[Image-caption web data]

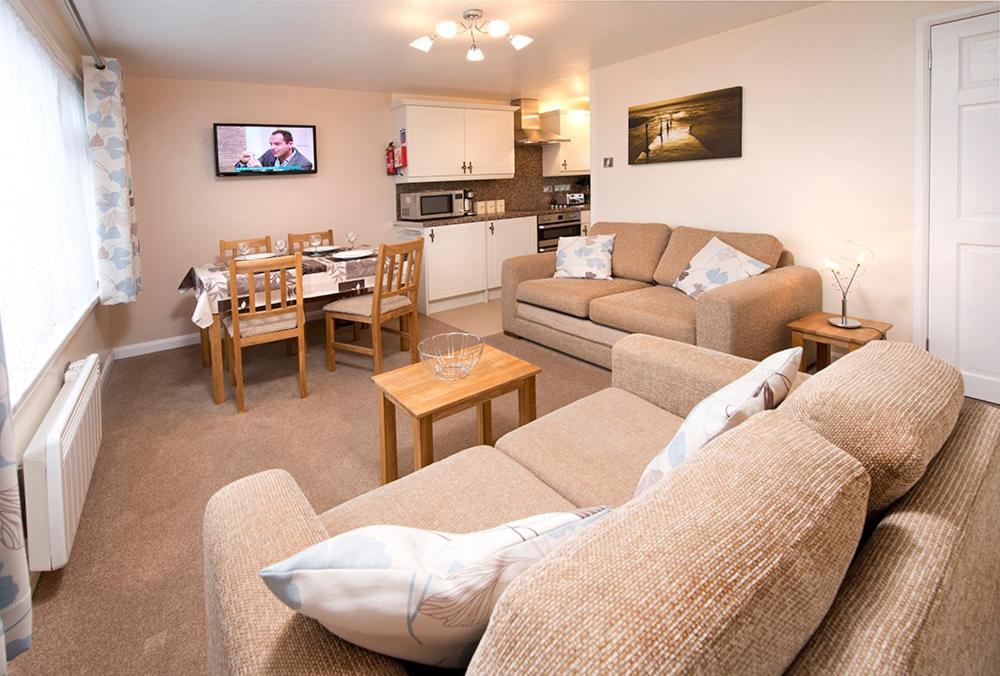 Trelawne Manor Holiday Park ลู ภายนอก รูปภาพ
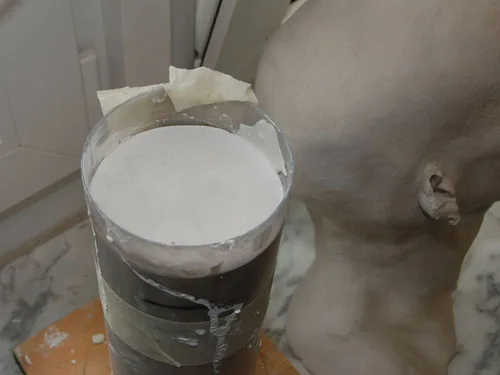 Arbeitsschritt bei der Herstellung einer lebensechten Museumsfigur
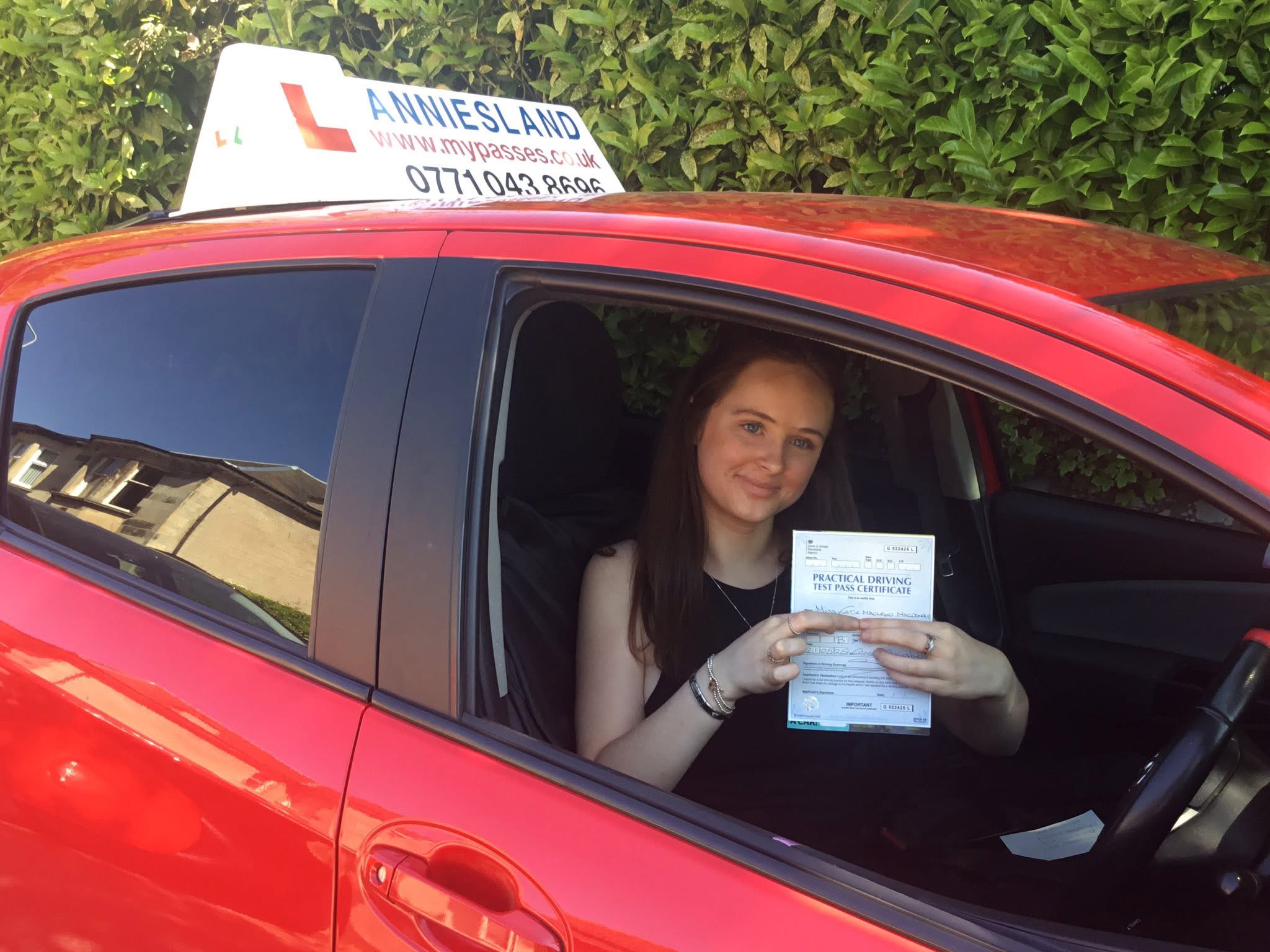 Katie McDonald successfully passed their driving test with Anniesland Driving School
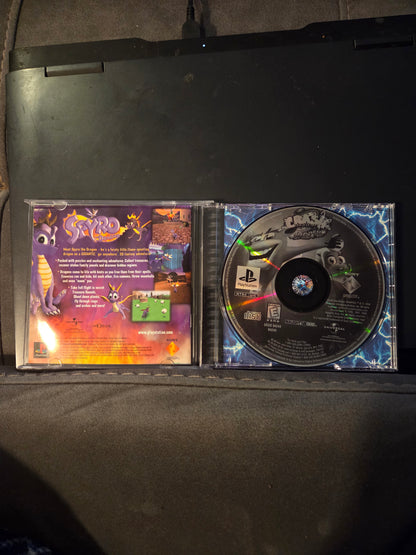 Crash Bandicoot: Warped (Complete in Box)  – PlayStation 1 (Black Label Case, Greatest Hits Manual)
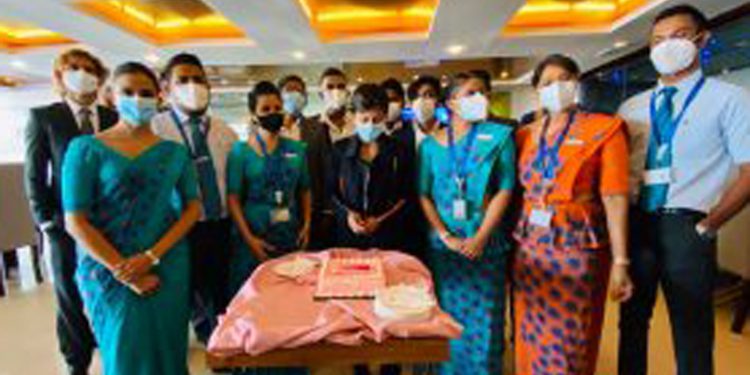 පාලකයන්ට කලාකාරයන්ට කරන්න බැරි වුණු දේ කටුනායකින් යද්දි ශ්රී ලන්කන් කාර්ය මණ්ඩලය යොහානිට කරලා පෙන්වයි!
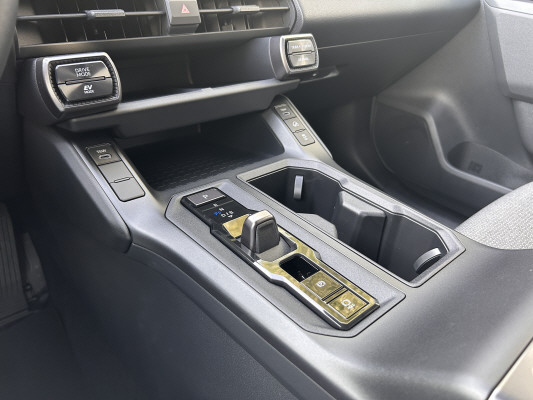 TOYOTA RAV-4 2.5 HSD Trend AWD-image-12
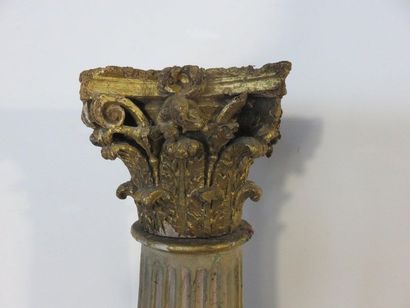 Pair of gilded and gilded wood columns, Corinthian...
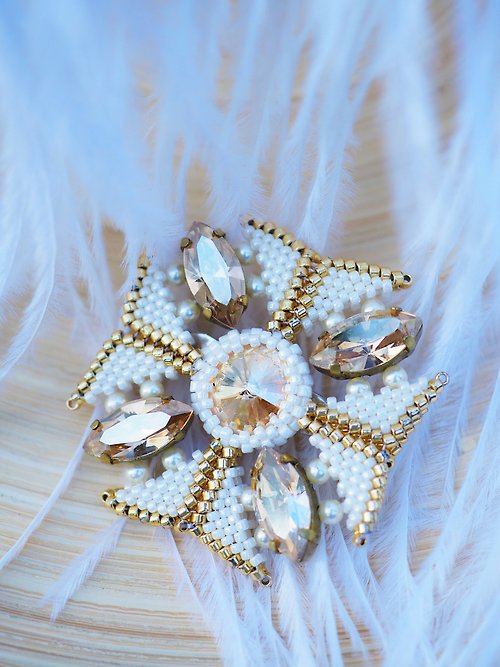 MaRichesse Maltese cross brooch Statement crystal brooch in Victorian style Collar pin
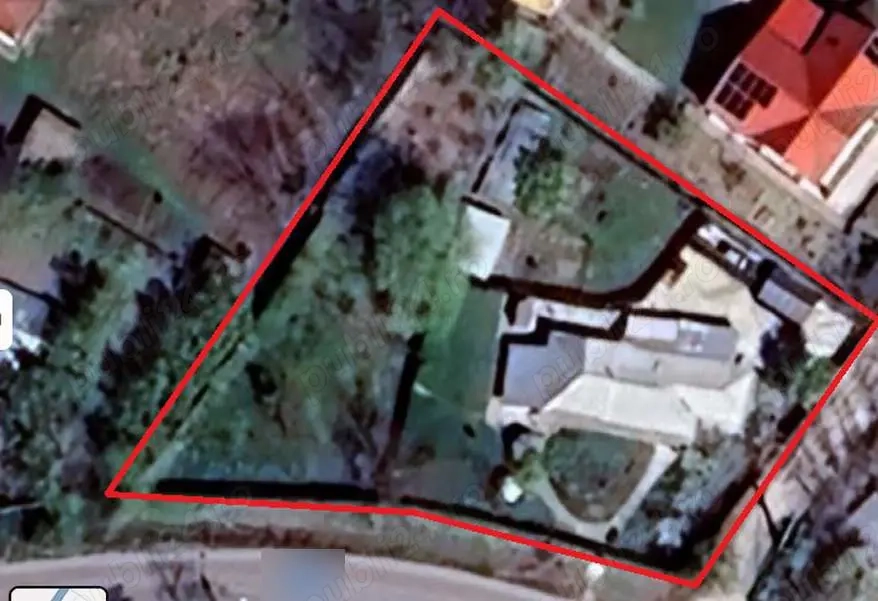 Casa la sosea langa bucuresti 1600mp 100 metri de DN6 E7  30 km de piata unirii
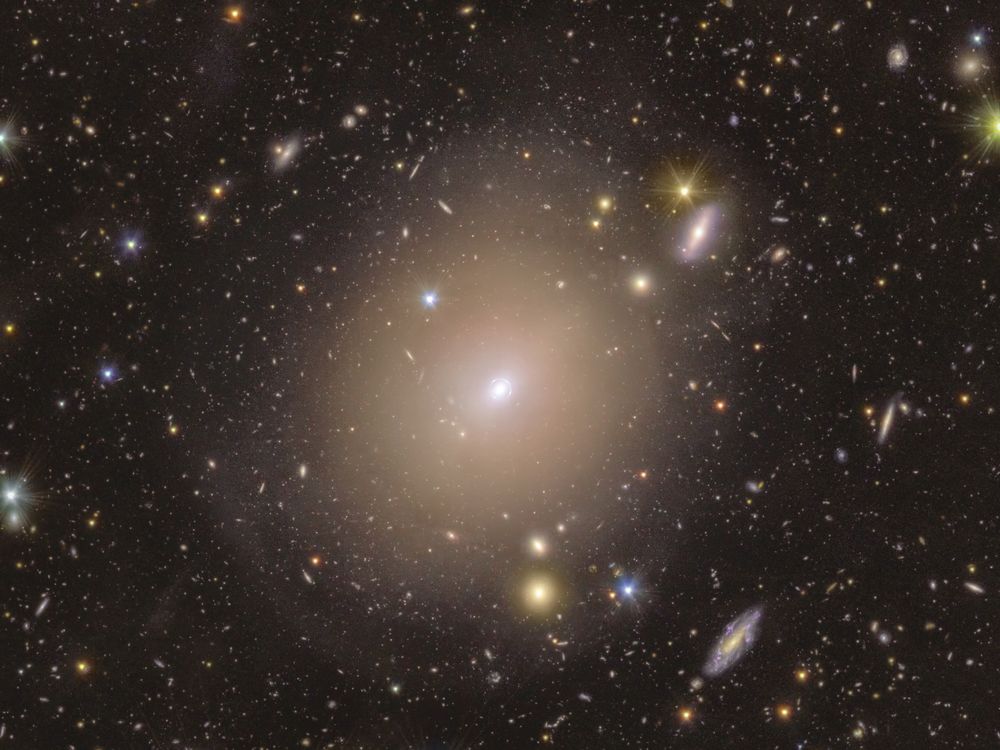 Galaxy NGC 6505 and the Einstein ring around it.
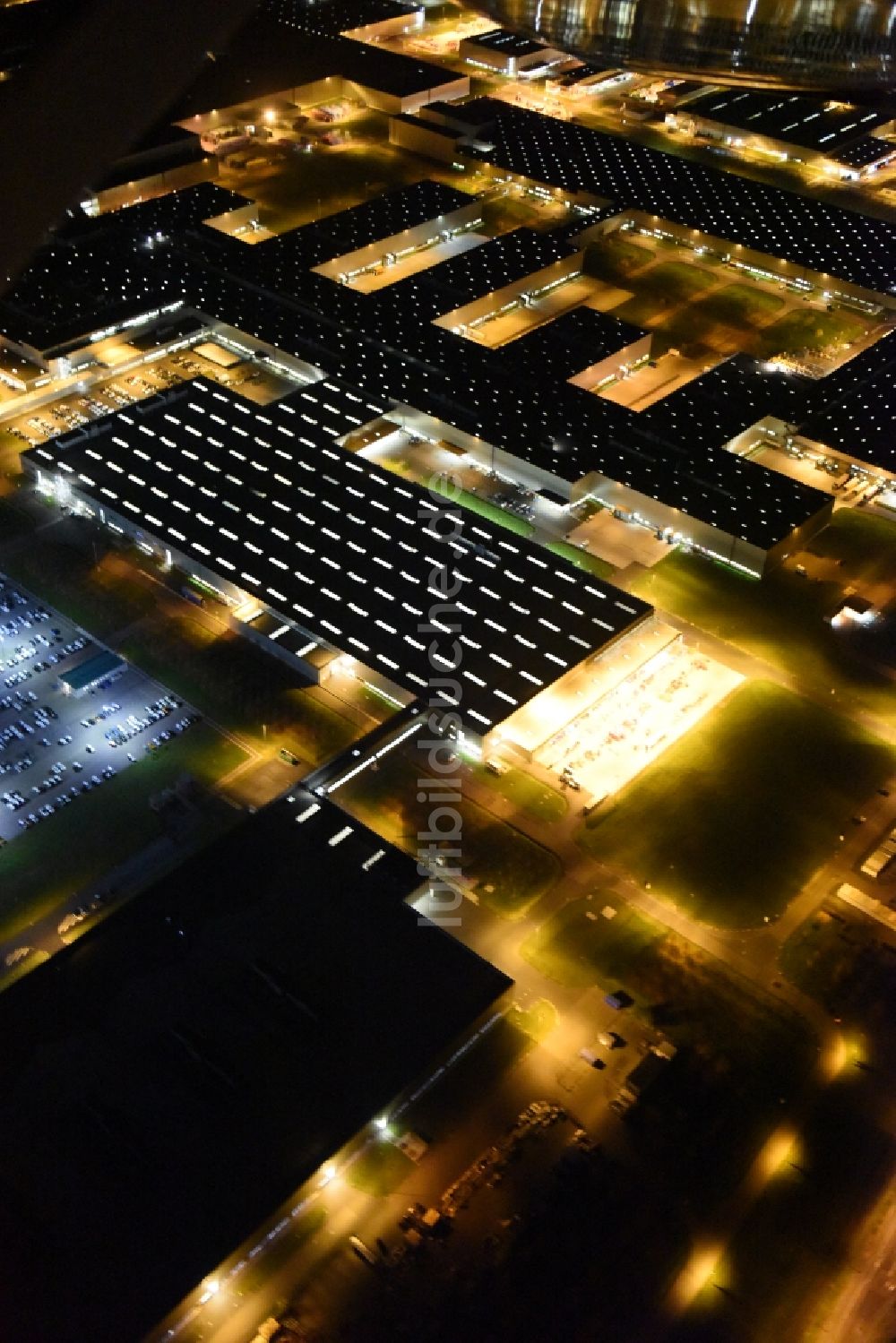 Leipzig bei Nacht von oben - Nachtluftbild vom BMW Werk / Plant Leipzig im Bundesland Sachsen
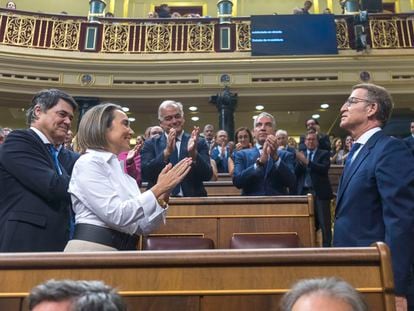 La bancada del PP aplaude a Alberto Núñez Feijóo tras su discurso de investidura, este martes en el Congreso.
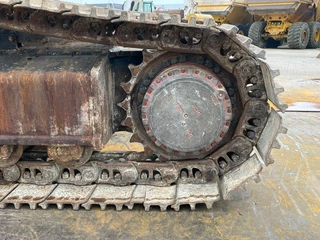 Hyundai R360LC-7 2005 - N/A imagem 16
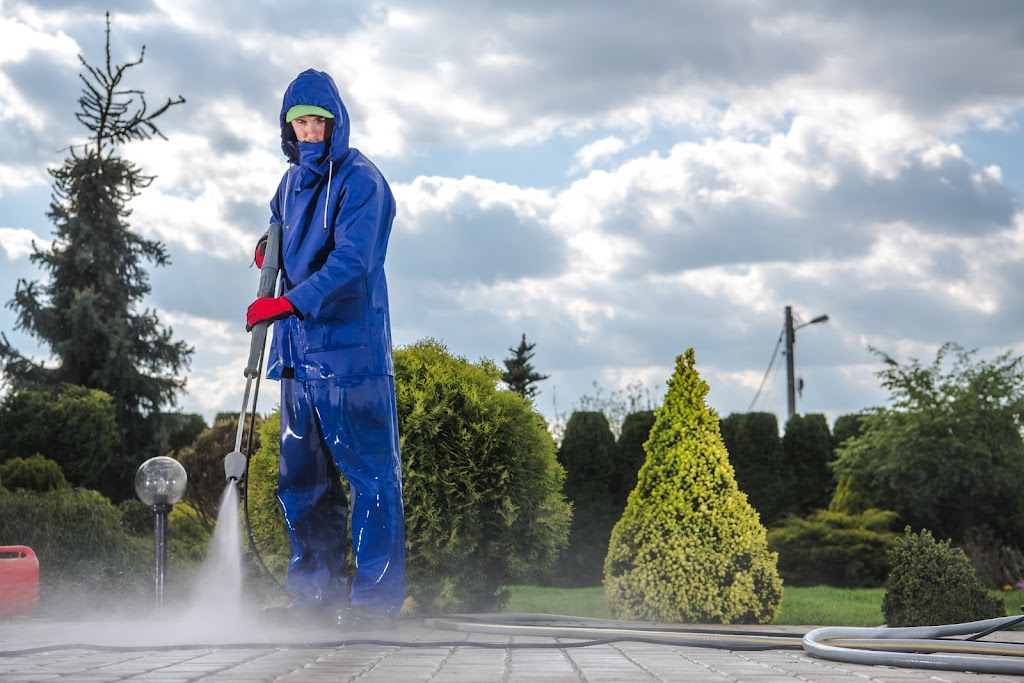 Nuance Pressure Washing Services | 10 Addington Dr, Red Deer, AB T4R 2Z9, Canada | Phone: (403) 304-6790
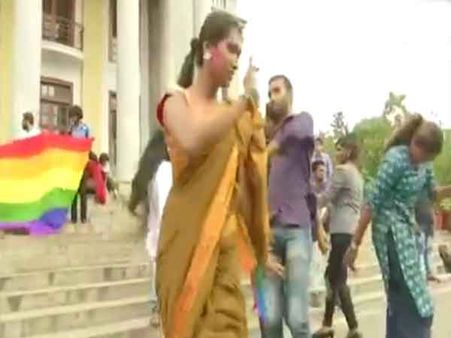 நீக்கப்பட்ட 377 சட்ட பிரிவு.. நாடு முழுக்க கொண்டாட்டம்.. உற்சாக வீடியோ!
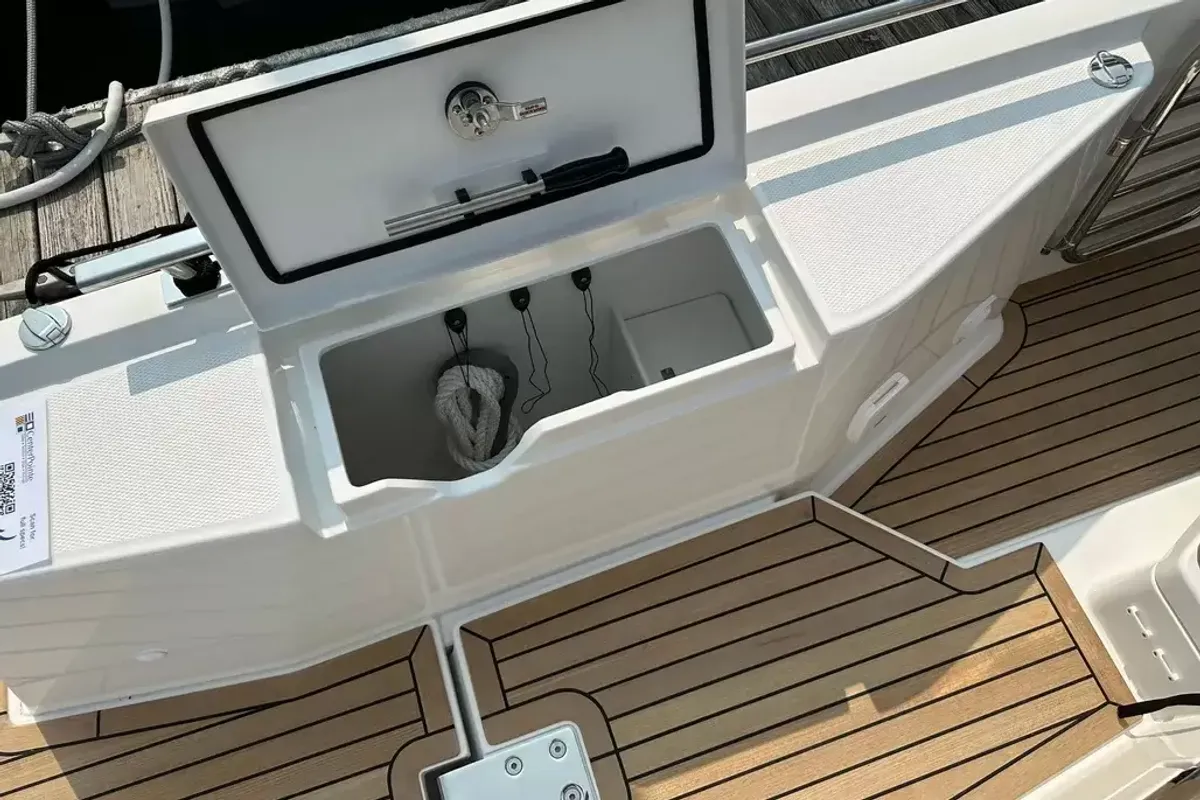 dummy-boat-img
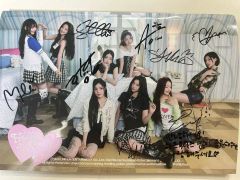 OH MY GIRL Windy Dayメンバー8人 サイン入りカード - メルカリ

PROBLEM STATEMENT:
What is needed is an exact transcription of the lines from the one containing "Nuance Pressure Washing" through the last line of the records above, both included, with no pictures.

ANSWER FOR THE TASK:
 Nuance Pressure Washing Services | 10 Addington Dr, Red Deer, AB T4R 2Z9, Canada | Phone: (403) 304-6790
 நீக்கப்பட்ட 377 சட்ட பிரிவு.. நாடு முழுக்க கொண்டாட்டம்.. உற்சாக வீடியோ!
 dummy-boat-img
 OH MY GIRL Windy Dayメンバー8人 サイン入りカード - メルカリ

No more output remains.